Python – Remove Similar Rows from Tuple Matrix

Sometimes, while working with Tuple Matrix, we can have a problem in which we get lots of data, which are similar, i.e elements are same in rows, just the ordering of tuples is different, it’s sometimes, desired to get them removed. This kind of problem can have application in domains such as web development and day-day programming. Let’s discuss certain ways in which this task can be performed.

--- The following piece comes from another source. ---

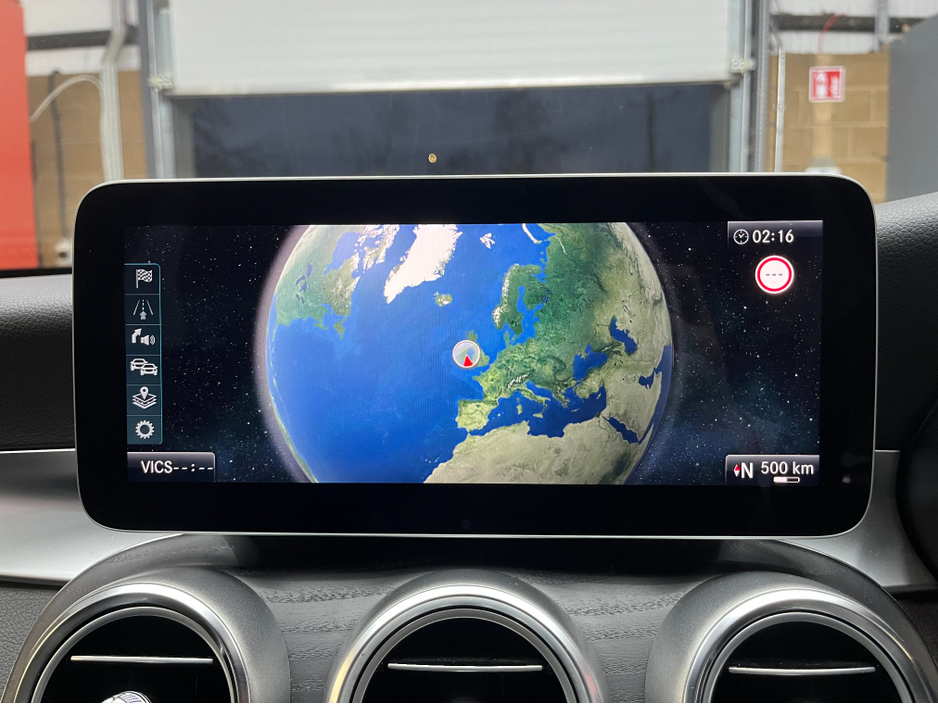 2019 Mercedes-Benz C Class €27950 2019 MERCEDES-BENZ C220D AVANTGARDE AMG LINE 2.0 AUTOMATIC / CRUISE CONTROL / REVERSE CAMERA / ELECTRIC MEMORY & HEATED SEATS / AMBIENT LIGHTS / PADDLE SHIFTERS €27,950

Input : test_list = [[(4, 5), (3, 2)], [(3, 2), (4, 5)], [(3, 2), (4, 5)]]
Output : {((4, 5), (3, 2))}

Input : test_list = [[(4, 6), (3, 2)], [(3, 2), (4, 5)], [(3, 2), (4, 5)]]
Output : {((3, 2), (4, 6)), ((4, 5), (3, 2))}

Method #1: Using set() + tuple() + sorted() + list comprehension The combination of above functions can be used to solve this problem. In this, we first, perform the sorting, and then convert the rows to set, which automatically removes the duplicates.

Python3

# Python3 code to demonstrate working of 
# Remove Similar Rows from Tuple Matrix
# Using set() + tuple() + sorted() + list comprehension
 
# initializing lists

test_list = [[(4, 5), (3, 2)], [(2, 2), (4, 6)], [(3, 2), (4, 5)]]
 
# printing original list

print("The original list is : " + str(test_list))
 
# Remove Similar Rows from Tuple Matrix
# Using set() + tuple() + sorted() + list comprehension

res = set([tuple(set(sub)) for sub in test_list])
 
# printing result 

print("Tuple matrix after removal : " + str(res))

Output :

The original list is : [[(4, 5), (3, 2)], [(2, 2), (4, 6)], [(3, 2), (4, 5)]]
Tuple matrix after removal : {((4, 6), (2, 2)), ((4, 5), (3, 2))}

Time Complexity: O(n), where n is the length of the list test_dict
Auxiliary Space: O(n) additional space of size n is created where n is the number of elements in the res list

Method #1: Using set() + tuple() + sorted() + list comprehension The combination of above functions can be used to solve this problem. In this, we perform the task of sorting and tuple conversion using frozenset().

Python3

# Python3 code to demonstrate working of 
# Remove Similar Rows from Tuple Matrix
# Using set() + frozenset() + generator expression
 
# initializing lists

test_list = [[(4, 5), (3, 2)], [(2, 2), (4, 6)], [(3, 2), (4, 5)]]
 
# printing original list

print("The original list is : " + str(test_list))
 
# Remove Similar Rows from Tuple Matrix
# Using set() + frozenset() + generator expression

res = set([frozenset(sub) for sub in test_list])
 
# printing result 

print("Tuple matrix after removal : " + str(res))

Output :

The original list is : [[(4, 5), (3, 2)], [(2, 2), (4, 6)], [(3, 2), (4, 5)]]
Tuple matrix after removal : {frozenset({(4, 5), (3, 2)}), frozenset({(4, 6), (2, 2)})}

Method #3 : Using dict + tuple() + list

Convert each sublist in the matrix to a tuple so that we can use it as a dictionary key later.
Create an empty dictionary to store the unique tuples.
Loop through each tuple in the matrix and check if it exists in the dictionary.
If it doesn’t exist, add it to the dictionary.
Convert the dictionary values back to tuples and return the set of unique tuples.

Python3

def remove_similar_rows(matrix):

    # convert each sublist in the matrix to a tuple

    tuples = [tuple(row) for row in matrix]
 
    # create an empty dictionary

    seen = {}
 
    # iterate over the tuples

    for tup in tuples:

        # use the sorted tuple as a key to avoid issues with tuple order

        key = tuple(sorted(tup))

        # add the tuple to the dictionary if it hasn't been seen before

        if key not in seen:

            seen[key] = tup
 
    # return the values (i.e. unique tuples) of the dictionary as a list

    return list(seen.values())
 
# test the function with the same input matrices as before

test_list = [[(4, 5), (3, 2)], [(3, 2), (4, 5)], [(3, 2), (4, 5)]]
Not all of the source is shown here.